MSU Could Recycle Wind Turbines into Delicious Gummy Bears
How could wind turbines become edible treats? Science, that's how. No seriously, how?
As the United States works to catch up with other countries around the world to create an efficient system of cleaner energy use, a recent suggestion from scientists at Michigan State University throws an idea out there that is both intriguing and confusing. Wind, sun, and hydropower are three sources of energy that are both renewable and leaves a small carbon footprint. The manufacture and installation of hydropower by far have the smallest carbon footprint according to Science Focus.
Wind turbines can be the source of far more energy in the mitten state.
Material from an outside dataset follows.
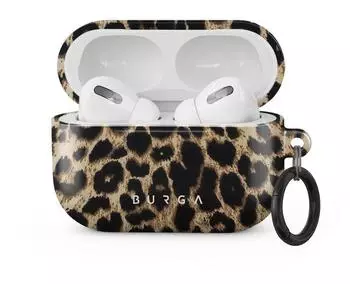 Burga AirPods Pro Hardcase "Player" (Kunststoff)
So, what do we do with all of the wind turbine parts when they need to be replaced? That can be a lot of waste. Michigan had an estimated 1,658 working wind turbines at the end of 2021 according to thumbwind.com. That's a number that is dramatically increasing every year. MSU has come up with a clever way to make wind turbine blades out of a material that can be recycled over and over forever. CNet explains the MSU development,
They developed a new form of wind turbine material that combines glass fibers with both plant-derived and synthetic polymers, which refer to long chains of molecules. The mixture is called a composite resin, and its hype lies in the fact that it can be recycled a lot more easily than pure fiberglass can.
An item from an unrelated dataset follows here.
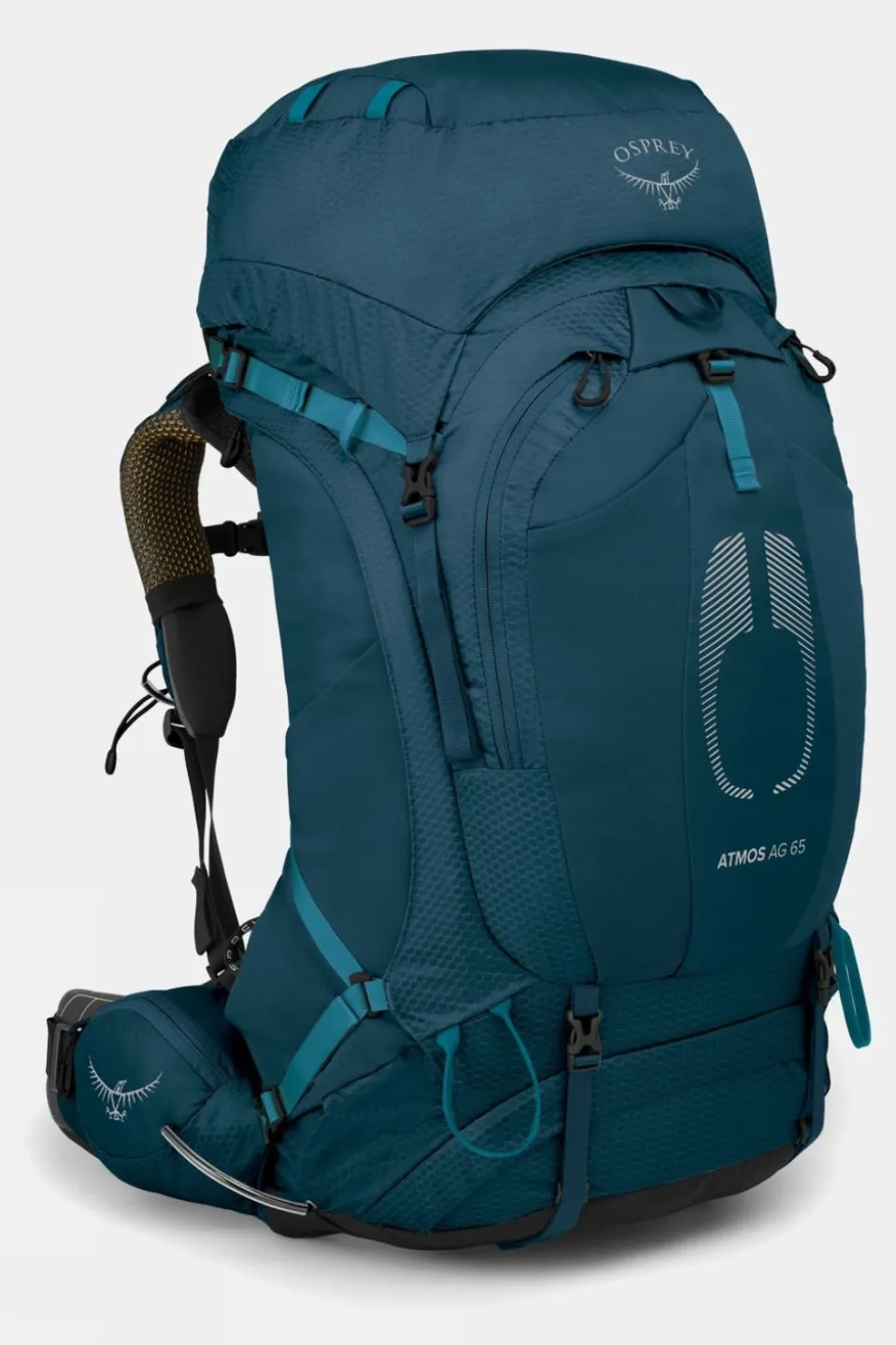 Mens Atmos AG 65 Rucksack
In layman's terms, the resin can be dissolved using an alkaline solution to create anything from car tail lights and laptop covers to gummy bears and Gatorade. A Chemical engineer from MSU, John Dorgan explained to CNet why it's ok to eat material that can also be used in a wind turbine blade,
A carbon atom derived from a plant, like corn or grass, is no different from a carbon atom that came from a fossil fuel, it's all part of the global carbon cycle, and we've shown that we can go from biomass in the field to durable plastic materials and back to foodstuffs.
There's no info at this time on when the production of wind turbine blades made from this recyclable material will begin.